Florida State Coach Bobby Bowden could not bring himself to watch how his third unbeaten regular season ended. He would twist and turn his body, grimace, tug at his cap and throw his hands in the air. But in the end, he would not watch what happened to Florida's 55th and final pass attempt on a wild afternoon when a roaring crowd of 85,747 saw a game that was a wonderful mixture of perfect theater and imperfect football.

Bowden did not see that Florida quarterback Jesse Palmer's final prayer of a pass attempt was tipped once, maybe even twice before falling incomplete in the end zone to give Florida State a 30-23 victory over its arch rival.

What he did see was his players in a mad celebration, and then he felt himself swept off the field in a sea of players and emotion that will carry the Seminoles all the way to New Orleans for the Sugar Bowl and a national championship game, possibly against Virginia Tech.

It was the third perfect regular season under Bowden; his 1996 team was 11-0 before losing to Florida in the Sugar Bowl, and his 1979 team was 11-0 before falling to Oklahoma in the Orange Bowl.

"It's pretty darn special," the 70-year-old coach said. "I can't tell you how proud I am of our players."

Top-ranked Florida State (11-0) proved its mettle in the toughest of environments against an opponent that pushed the Seminoles to the limit and then some.

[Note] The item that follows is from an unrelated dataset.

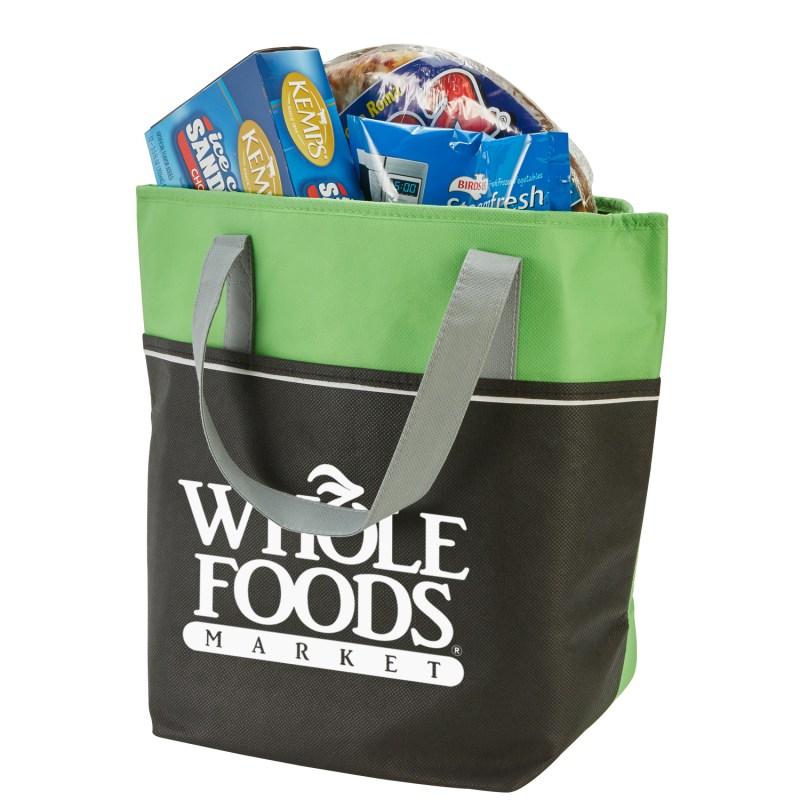 Large Non-Woven Carry-It™ Insulated Cooler Tote 1 Large Non-Woven Carry-It™ Insulated Cooler Tote 1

Florida (9-2) rallied from a 10-point deficit to take a brief 16-13 lead in the third quarter, but the Seminoles rode quarterback Chris Weinke and wide receiver Peter Warrick to 17 straight points. When Palmer's final pass fell incomplete, Bowden was within a victory of his second national championship.

His Seminoles handed the Gators only their fourth home loss of the decade. Against a defense that hadn't allowed a touchdown in 10 quarters entering the game, the Seminoles rolled up 346 yards and had scoring drives of 80, 71 and 78 yards. They had four players line up at quarterback and spread the ball among seven runners and six pass receivers.

Weinke made it go by throwing for 263 yards, but Warrick did a bit of everything, catching nine passes for 90 yards, rushing five times for 26 yards and throwing an incomplete pass.

"He's the best player in the country," Weinke said. "He deserves the Heisman Trophy. It's a shame some others don't agree."

And the Seminoles withstood adversity. When Florida cornerback Bennie Alexander returned a Weinke interception 43 yards for a touchdown midway through the third quarter, the Gators had a three-point lead and one of college football's most intimidating home crowds on their side.

"At no time was I ever worried about losing this game," Weinke said. "I mean, a quarterback is going to make some mistakes. When that happens, you have to relax and regroup. That's what I did."

What he did was throw five straight completions as the Seminoles got Sebastian Janikowski in position for a 54-yard field goal that tied the score at 16 with 4 minutes 46 seconds left in the third quarter.

On a day when the Gators jumped offside, lined up in illegal formations and seemed close to coming undone by the pressure, they made their biggest mistake of all moments later by allowing Florida State linebacker Tommy Polley to slip through and block a punt by Alan Rhine. The Seminoles fell on the ball at the Florida 21-yard line. On third and five, Weinke scrambled for a first down, and two plays later, backup tailback Jeff Chaney scored on a two-yard run for a 23-16 Florida State lead.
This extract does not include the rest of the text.